Gugatan Lokataru Foundation terhadap Presiden Prabowo Subianto ke Pengadilan Tata Usaha Negara (PTUN) Jakarta menjadi perbincangan publik.
Presiden Prabowo dianggap melakukan pembiaran karena tidak memberhentikan Menteri Desa, Pembangunan Daerah Tertinggal, Yandri Susanto, usai putusan Mahkamah Konstitusi (MK) dalam perkara sengketa Pilkada Kabupaten Serang yang menyebut keterlibatannya dalam pelanggaran netralitas.
Menurut CoFounder ISESS, Khairul Fahmi, gugatan itu dinilai terlalu jauh menarik konsekuensi hukum dari putusan MK. Dalam sistem presidensial, keputusan Presiden untuk tidak sertamerta memberhentikan seorang menteri merupakan bagian dari hak prerogatif yang dijamin konstitusi.
Dalam Pasal 17 UUD 1945, secara eksplisit Presiden diberi wewenang penuh untuk mengangkat dan memberhentikan menteri sebagai pembantunya dalam kabinet. Dalam praktik pemerintahan, hal ini dikategorikan sebagai kewenangan diskresioner.
“Presiden tidak berada dalam kekosongan etika atau hukum. Tapi dalam konteks ini, tidak ada kewajiban hukum yang eksplisit dilanggar. Belum ada putusan pengadilan pidana maupun sanksi etik resmi terhadap Yandri yang bisa dijadikan dasar langsung untuk pemberhentian,” kata Fahmi kepada wartawan, Jumat (18/4/2025).

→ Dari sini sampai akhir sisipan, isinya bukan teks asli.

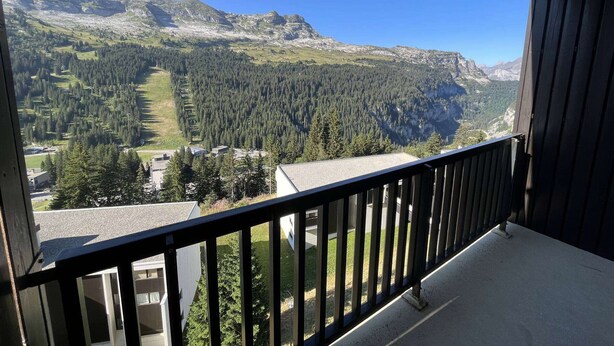 Un balcon offrant une vue sur un paysage montagneux, avec des zones boisées et un ciel dégagé.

Dia menjelaskan, putusan Mahkamah Konstitusi dalam perkara pilkada bersifat final dan mengikat dalam hal penetapan hasil pemilu.

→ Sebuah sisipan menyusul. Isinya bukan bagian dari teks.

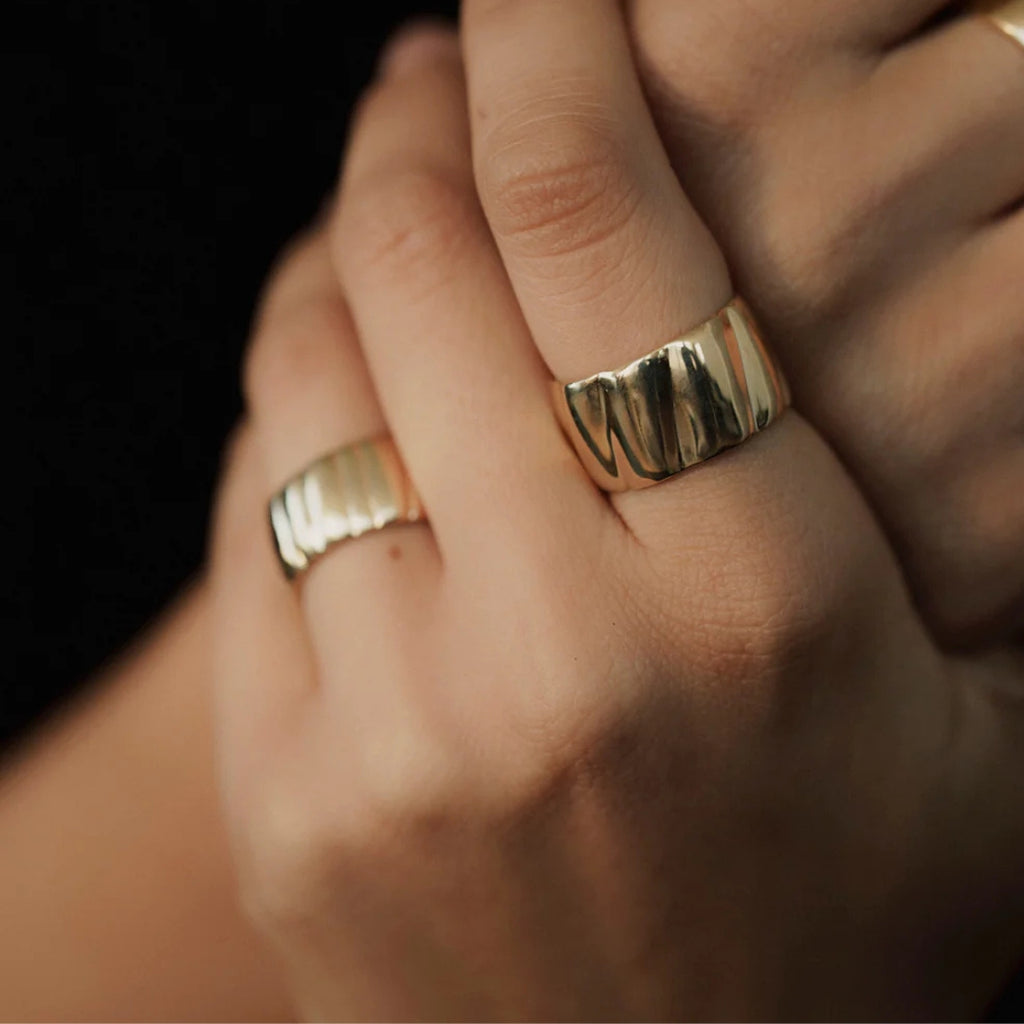 Close-up of a hand wearing two gold rings on a dark background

Dalam kasus Kabupaten Serang, MK memang menyatakan bahwa istri Yandri diuntungkan oleh dukungan yang dimobilisasi aparat desa, namun amar putusan tersebut tidak memuat perintah administratif terhadap Yandri sebagai pihak luar perkara.
“Sebagaimana pernah dijelaskan Saldi Isra, putusan MK dalam perkara pilkada tidak otomatis dapat dijadikan dasar administratif untuk memberhentikan seorang pejabat negara, apalagi yang tidak menjadi pihak dalam perkara,” imbuhnya.
Fahmi juga menyoroti dalil Lokataru yang menuding Presiden melakukan perbuatan melawan hukum oleh penguasa (onrechtmatige overheidsdaad).
Menurutnya, konsep tersebut memerlukan unsur pelanggaran norma hukum, tindakan nyata, serta kerugian yang dapat dibuktikan.
“Tidak ada ketentuan dalam hukum positif yang secara eksplisit mewajibkan Presiden mencopot menteri dalam kondisi seperti ini. Jadi dari sisi doktrinal, dasar gugatannya lemah,” ujar Fahmi.
Meski demikian, ia tidak menampik bahwa evaluasi terhadap integritas pejabat publik tetap penting dilakukan. Dalam konteks pemerintahan yang berintegritas, Fahmi menilai wajar jika publik mengkritisi lambannya sikap Presiden. Namun, ia menekankan bahwa setiap langkah pemberhentian harus proporsional dan berdasarkan penilaian yang utuh.
“Presiden Prabowo tentu tidak menutup mata. Tapi keputusan seperti ini harus mempertimbangkan stabilitas pemerintahan, asas praduga tak bersalah, dan kepatutan politik. Jangan sampai pemberhentian menjadi sekadar respons reaktif terhadap tekanan publik,” kata Fahmi.
Dia menambahkan, memberhentikan seorang menteri bukan semata perkara administratif, melainkan bagian dari keputusan strategis yang harus ditempuh dengan pertimbangan politik, etika, dan hukum secara seimbang.
“Presiden berhak atas ruang diskresi. Yang penting, proses evaluasi terus berjalan dan prinsip good governance tetap dijaga,” pungkasnya.
Sebelumnya, Presiden Prabowo Subianto digugat ke Pengadilan Tata Usaha Negara (PTUN) karena tak kunjung memecat Menteri Desa dan Pembangunan Daerah Tertinggal, Yandri Susanto.
Hal itu buntut tindakan Yandri yang cawecawe dalam Pilkada Kabupaten Serang, yang turut diikuti oleh istrinya, Ratu Rachmatu Zakiyah, pada Pilkada Kabupaten Serang 2024 lalu.
Keterlibatan Yandri diketahui berdasarkan putusan Mahkamah Konstitusi Nomor 70/PHPU.BUPXXIII/2025 yang dibacakan dalam sidang terbuka pada 25 Februari 2025. Dalam putusannya, MK menganulir kemenangan Ratu Rachmatu. “Dalam gugatannya, Lokataru Foundation memohon Majelis Hakim PTUN Jakarta untuk menyatakan Presiden telah melakukan perbuatan melanggar hukum karena tidak memberhentikan Yandri Susanto,” ujar Direktur Eksekutif Lokataru Foundation, Delpedro Marhaen dalam keterangannya, Kamis (17/4/2025).